» Activity
Set down, word for word, the line with "Genesis G90 2020 — photo 18" and the lines after it through the final line of the data below, without pictures.

» Input data
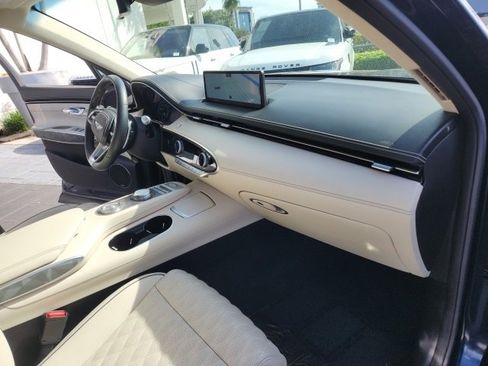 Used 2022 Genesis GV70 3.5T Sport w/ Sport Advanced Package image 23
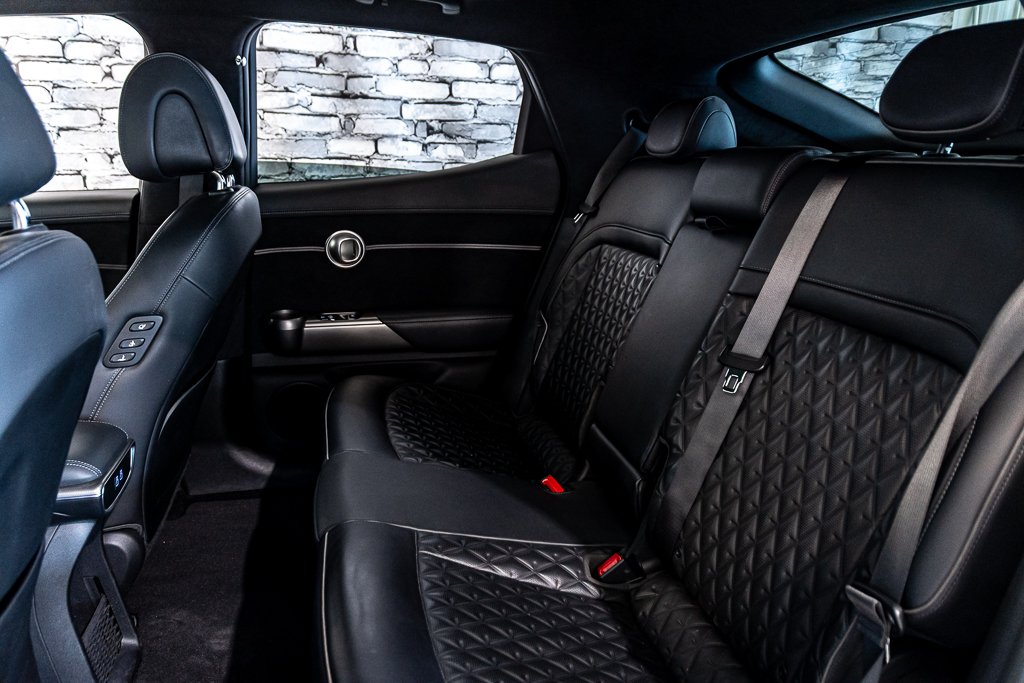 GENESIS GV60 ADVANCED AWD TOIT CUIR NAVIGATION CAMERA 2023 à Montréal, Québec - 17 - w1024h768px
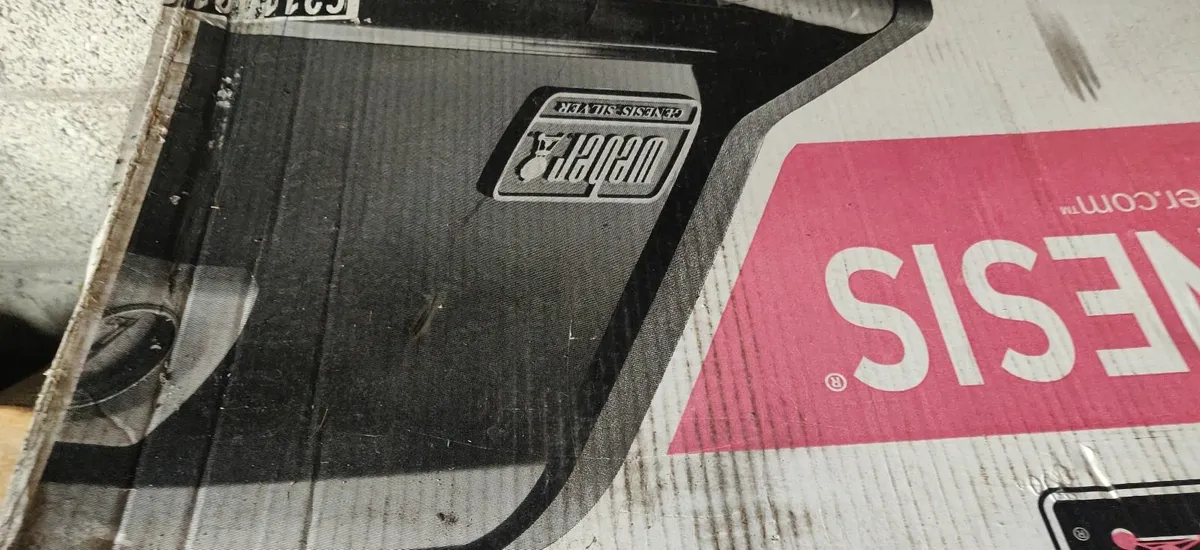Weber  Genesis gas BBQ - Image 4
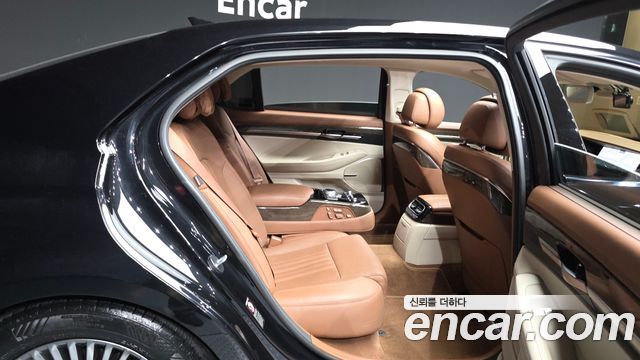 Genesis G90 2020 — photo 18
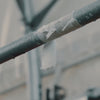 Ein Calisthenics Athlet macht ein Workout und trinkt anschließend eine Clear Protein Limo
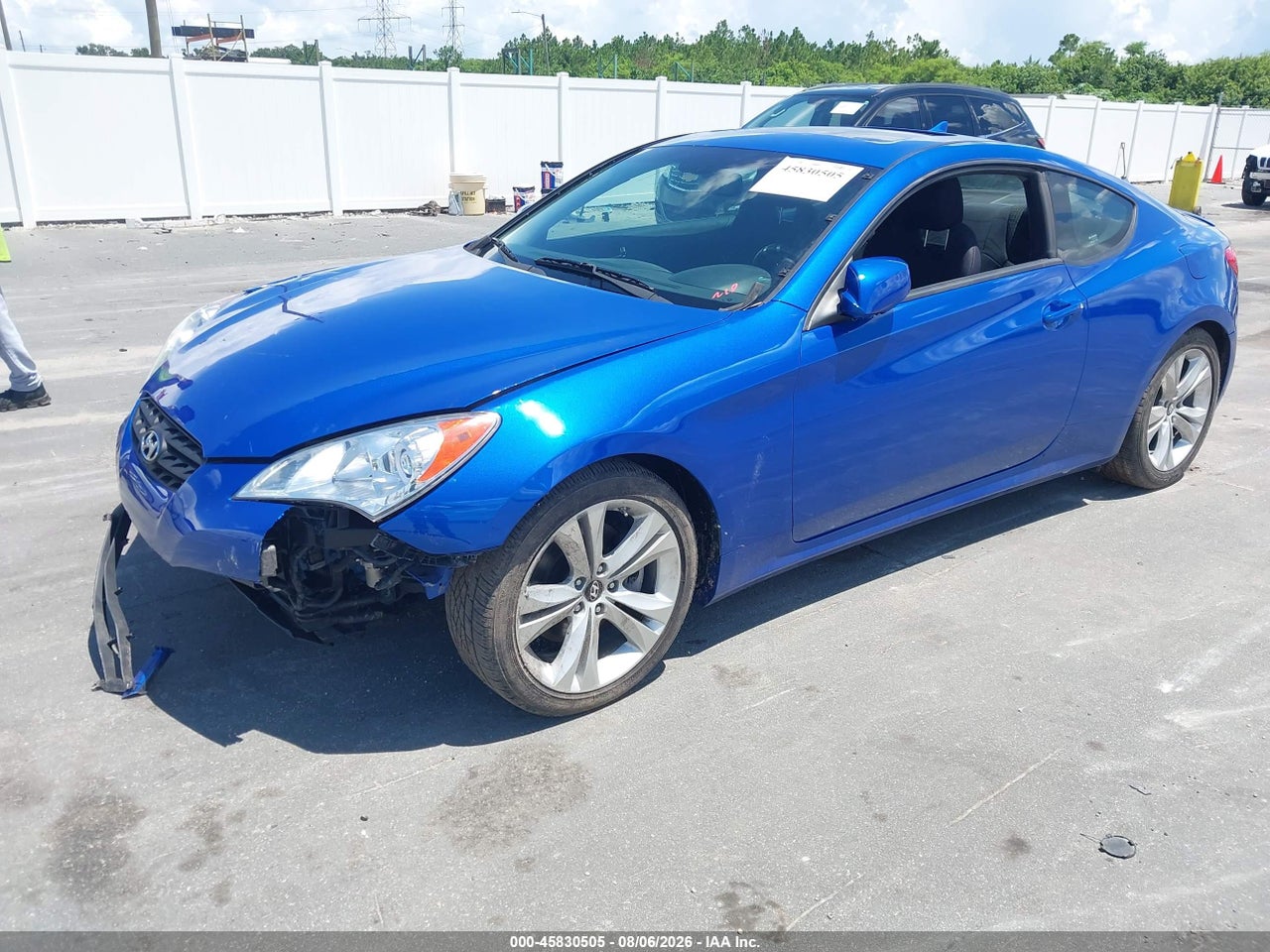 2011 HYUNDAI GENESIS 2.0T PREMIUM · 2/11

» Worked solution
 Genesis G90 2020 — photo 18
 Ein Calisthenics Athlet macht ein Workout und trinkt anschließend eine Clear Protein Limo
 2011 HYUNDAI GENESIS 2.0T PREMIUM · 2/11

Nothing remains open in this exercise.